→ WHAT THIS TASK INVOLVES:
Data follows below. Repeat exactly the lines between the line holding "russian Keyboard for" and the line holding "Men's summer outfit", inclusive, and nothing more; drop pictures.

→ ENTRIES SUPPLIED:
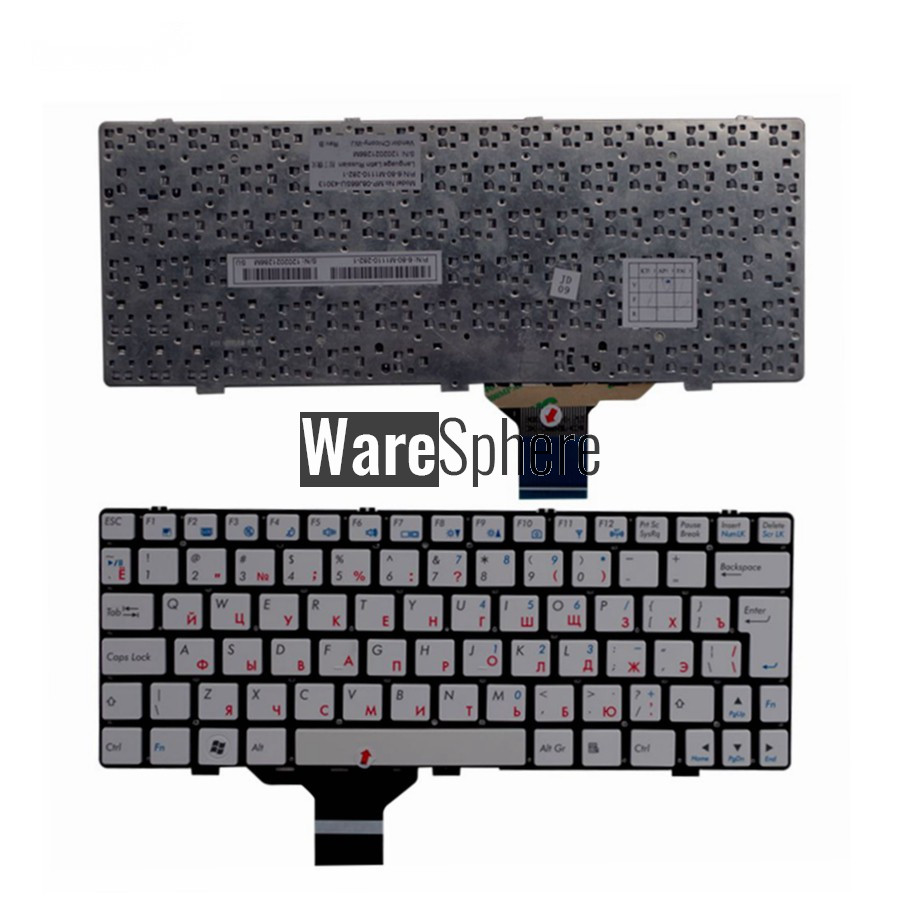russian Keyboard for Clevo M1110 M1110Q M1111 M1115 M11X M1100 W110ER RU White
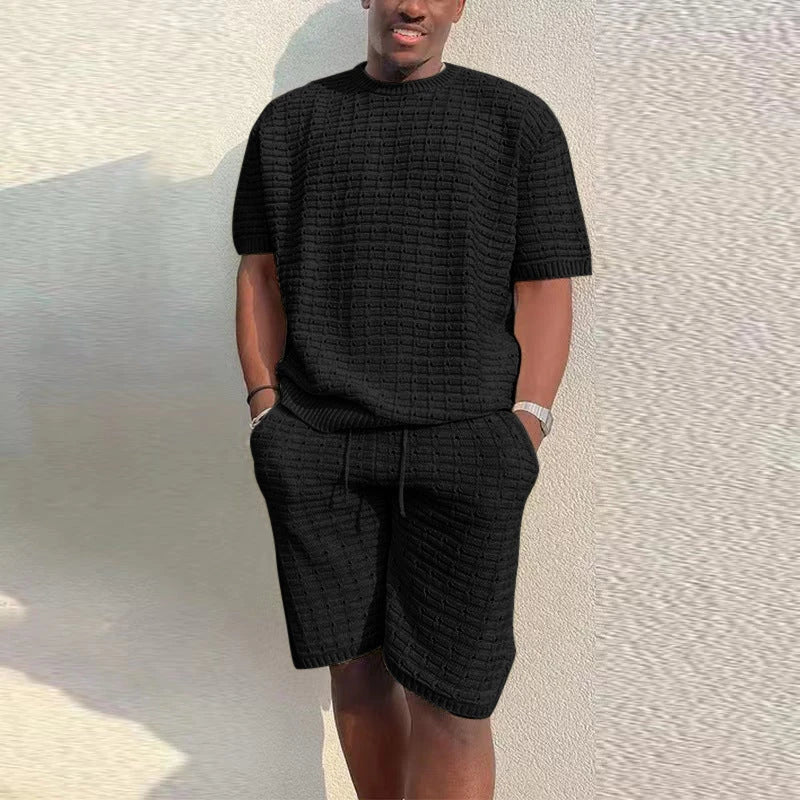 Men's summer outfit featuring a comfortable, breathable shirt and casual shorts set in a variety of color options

--

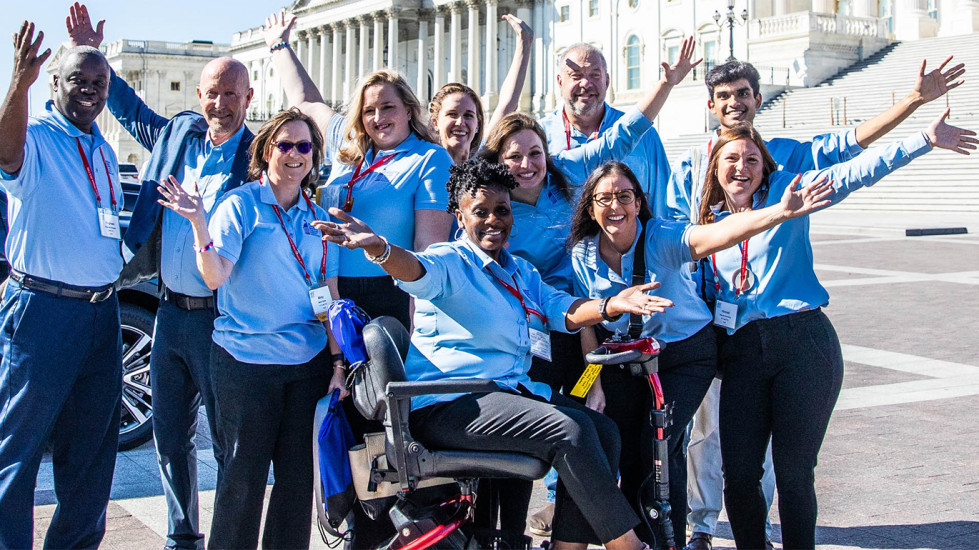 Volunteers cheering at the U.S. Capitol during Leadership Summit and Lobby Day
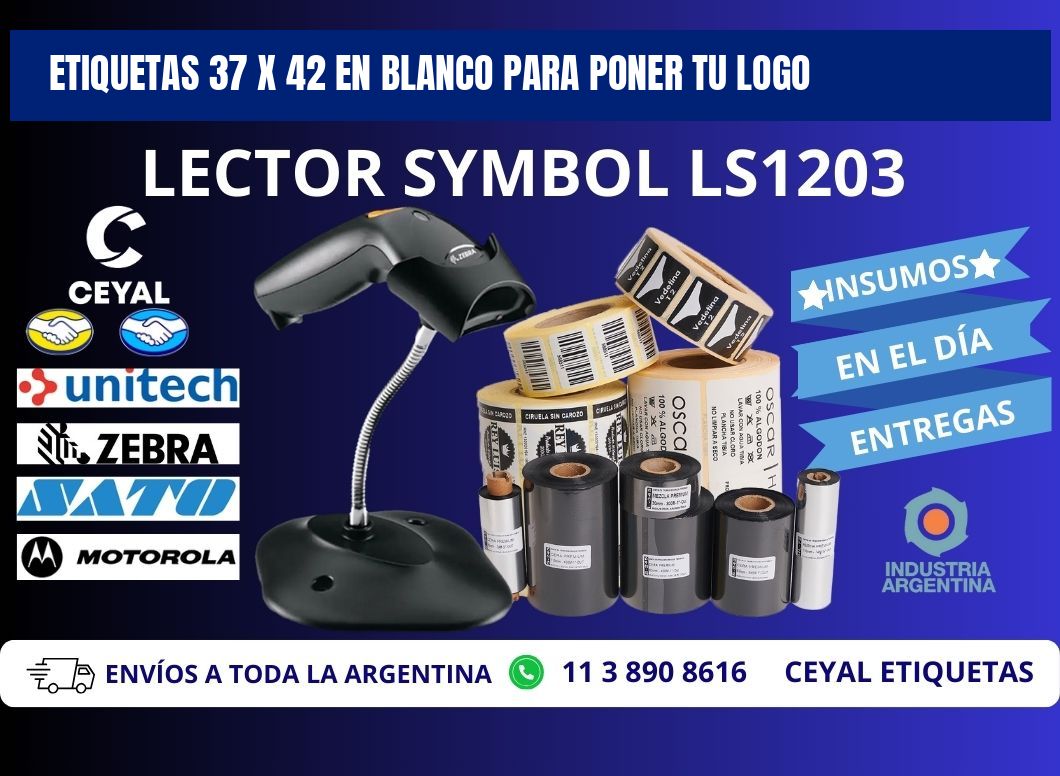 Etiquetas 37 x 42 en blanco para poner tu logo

--

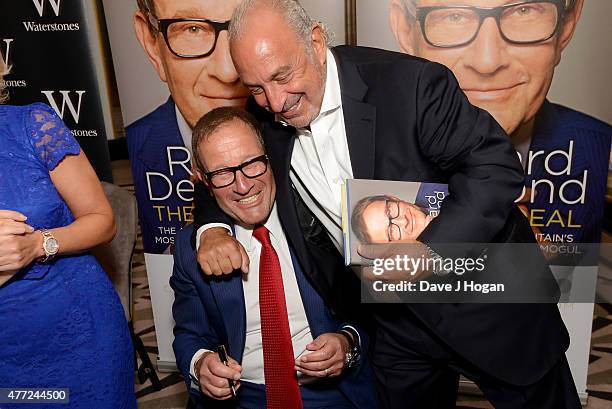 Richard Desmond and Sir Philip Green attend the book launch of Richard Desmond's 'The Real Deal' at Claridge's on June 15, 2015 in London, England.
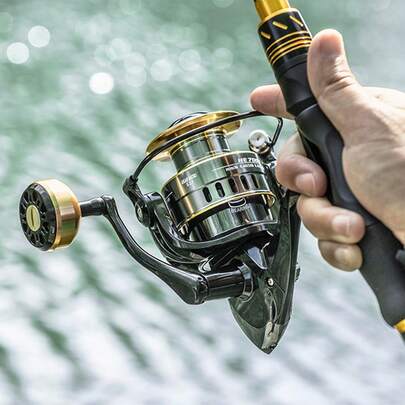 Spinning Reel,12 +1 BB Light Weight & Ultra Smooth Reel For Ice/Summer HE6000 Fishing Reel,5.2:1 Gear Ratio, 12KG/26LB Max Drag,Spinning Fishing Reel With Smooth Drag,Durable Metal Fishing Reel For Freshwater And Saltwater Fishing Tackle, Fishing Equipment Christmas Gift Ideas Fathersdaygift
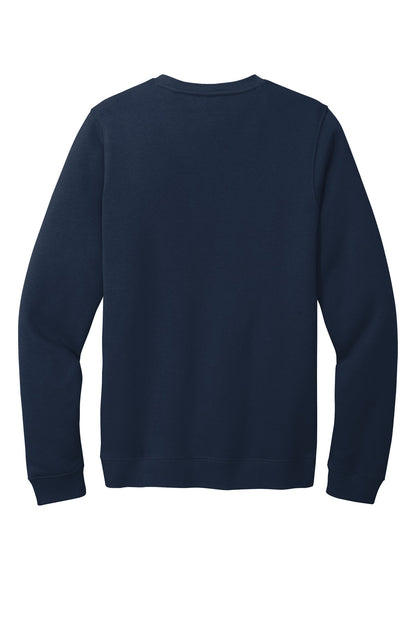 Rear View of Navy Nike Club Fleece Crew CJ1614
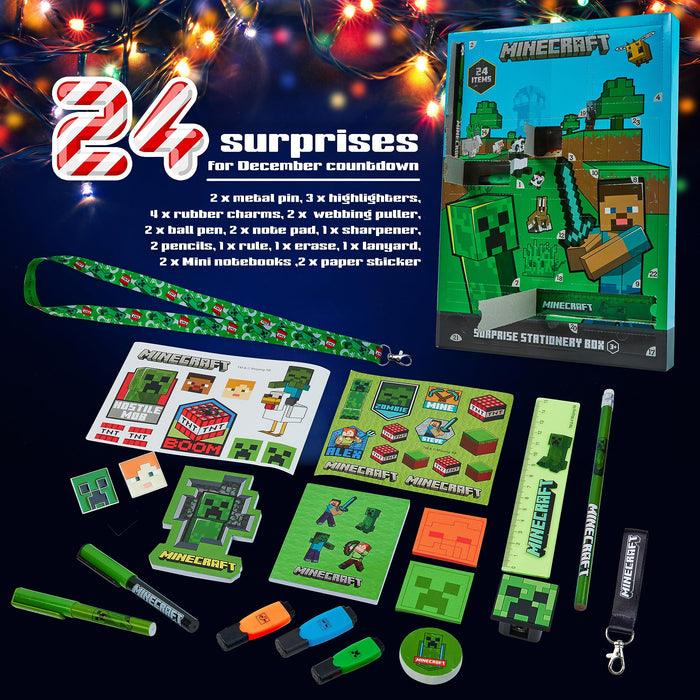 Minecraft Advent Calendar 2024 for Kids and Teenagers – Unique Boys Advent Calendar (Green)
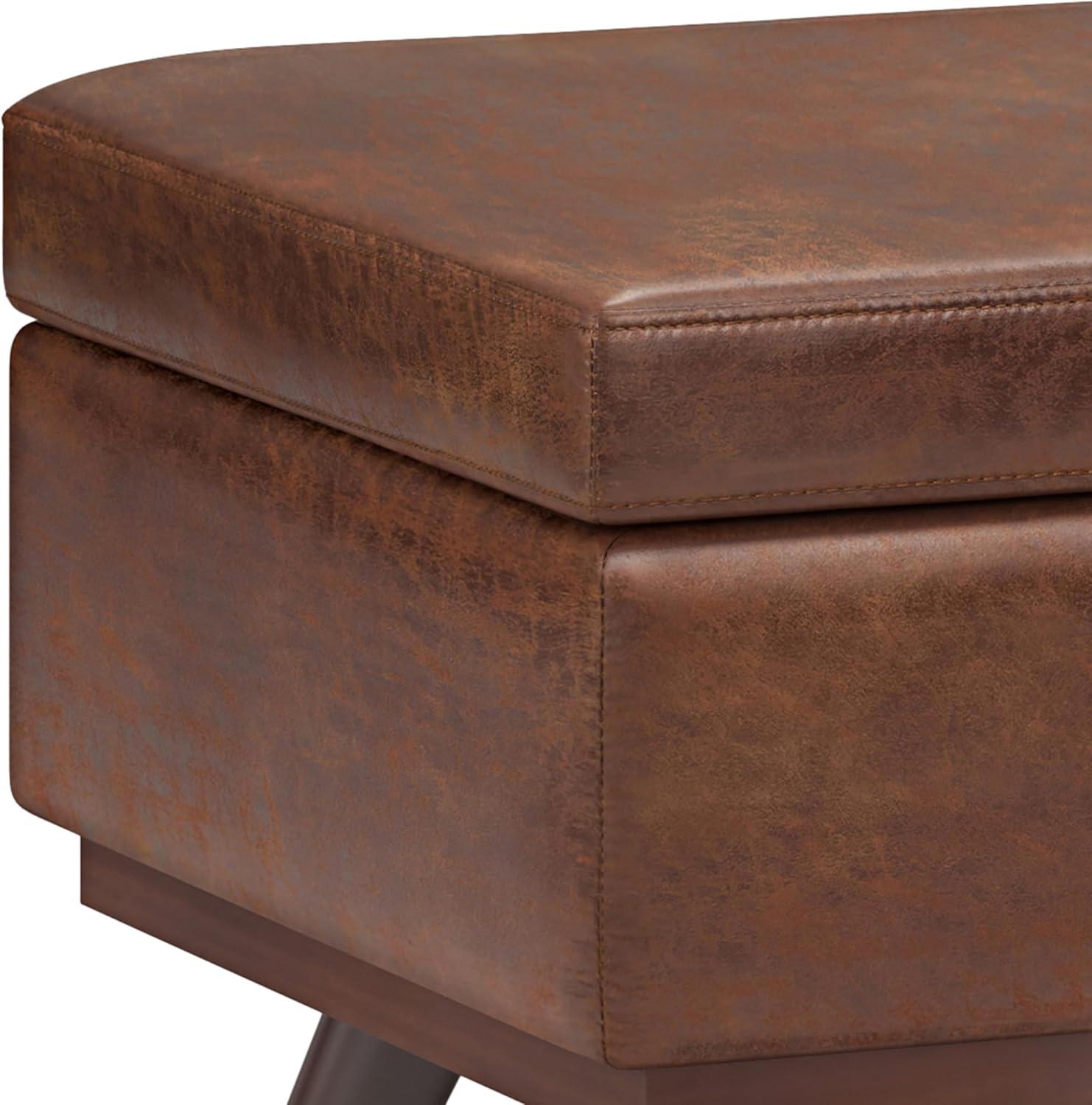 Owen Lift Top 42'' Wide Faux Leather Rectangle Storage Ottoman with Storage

→ OUTPUT OF THE EXERCISE:
russian Keyboard for Clevo M1110 M1110Q M1111 M1115 M11X M1100 W110ER RU White
 Men's summer outfit featuring a comfortable, breathable shirt and casual shorts set in a variety of color options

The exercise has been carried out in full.